**DATASET EXTRACT**
○ ○ ○ ○
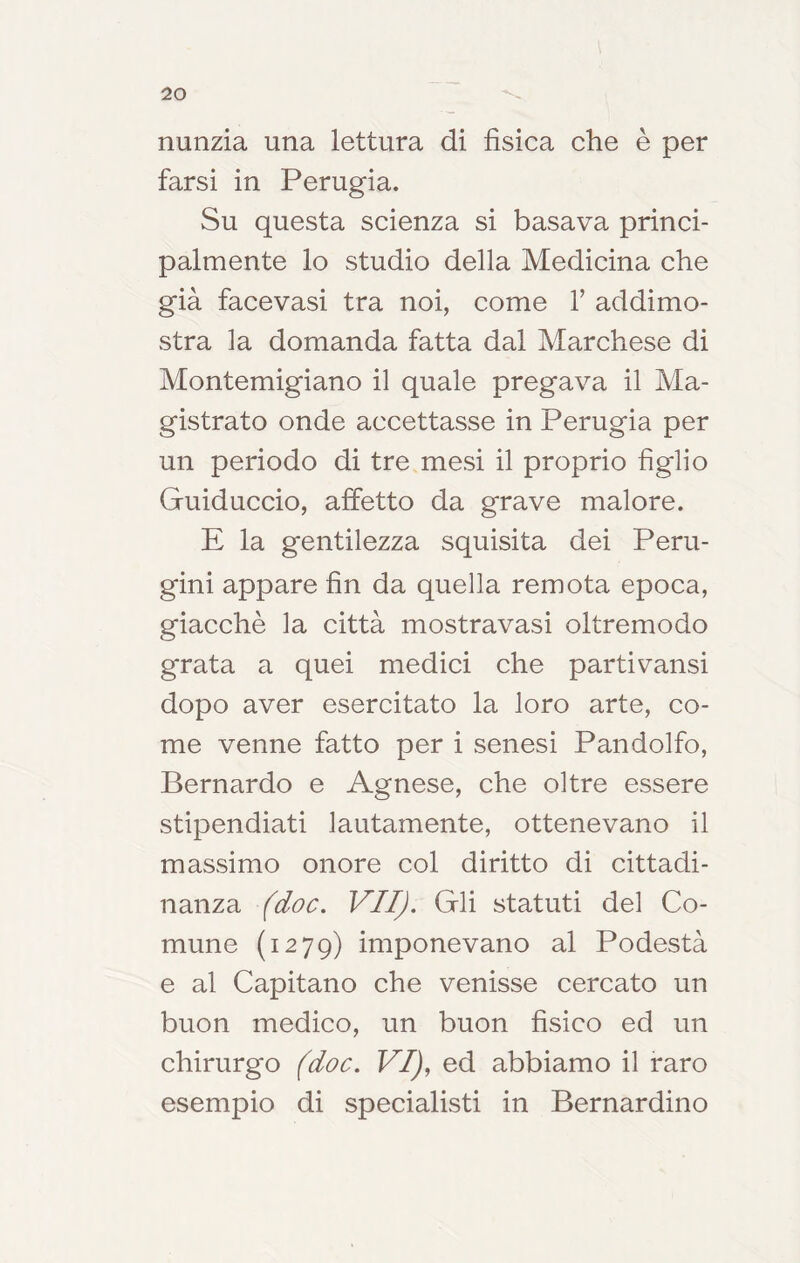 nunzia una lettura di fìsica che è per farsi in Perugia. Su questa scienza si basava princi- palmente lo studio della Medicina che già facevasi tra noi, come V addimo- stra la domanda fatta dal Marchese di Montemigiano il quale pregava il Ma- gistrato onde accettasse in Perugia per un periodo di tre mesi il proprio figlio Guiduccio, affetto da grave malore. E la gentilezza squisita dei Peru- gini appare fin da quella remota epoca, giacché la città mostravasi oltremodo grata a quei medici che partivansi dopo aver esercitato la loro arte, co- me venne fatto per i senesi Pandolfo, Bernardo e Agnese, che oltre essere stipendiati lautamente, ottenevano il massimo onore col diritto di cittadi- nanza fdoc. VII). Gli statuti del Co- mune (1279) imponevano al Podestà e al Capitano che venisse cercato un buon medico, un buon fìsico ed un chirurgo (doc. VI), ed abbiamo il raro esempio di specialisti in Bernardino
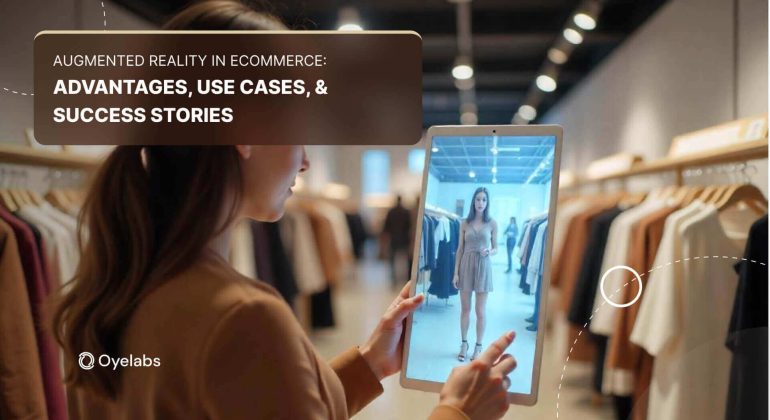 Augmented Reality in eCommerce Advantages, Use Cases, & Success Stories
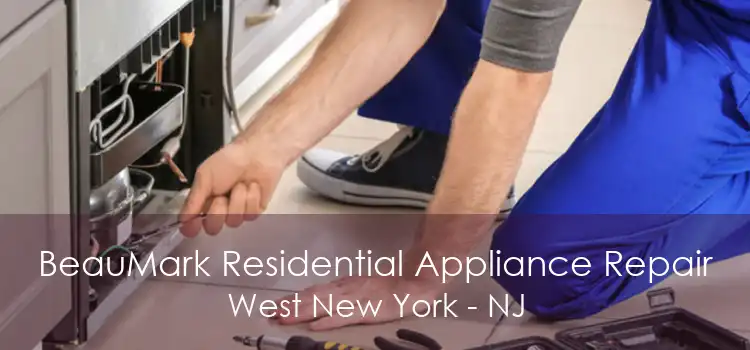 BeauMark Residential Appliance Repair West New York - NJ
○ ○ ○ ○
**PROBLEM DESCRIPTION**
Set down the material above exactly as written, but not the pictures.

**EXERCISE SOLUTION**
 nunzia una lettura di fìsica che è per farsi in Perugia. Su questa scienza si basava princi- palmente lo studio della Medicina che già facevasi tra noi, come V addimo- stra la domanda fatta dal Marchese di Montemigiano il quale pregava il Ma- gistrato onde accettasse in Perugia per un periodo di tre mesi il proprio figlio Guiduccio, affetto da grave malore. E la gentilezza squisita dei Peru- gini appare fin da quella remota epoca, giacché la città mostravasi oltremodo grata a quei medici che partivansi dopo aver esercitato la loro arte, co- me venne fatto per i senesi Pandolfo, Bernardo e Agnese, che oltre essere stipendiati lautamente, ottenevano il massimo onore col diritto di cittadi- nanza fdoc. VII). Gli statuti del Co- mune (1279) imponevano al Podestà e al Capitano che venisse cercato un buon medico, un buon fìsico ed un chirurgo (doc. VI), ed abbiamo il raro esempio di specialisti in Bernardino
 Augmented Reality in eCommerce Advantages, Use Cases, & Success Stories
 BeauMark Residential Appliance Repair West New York - NJ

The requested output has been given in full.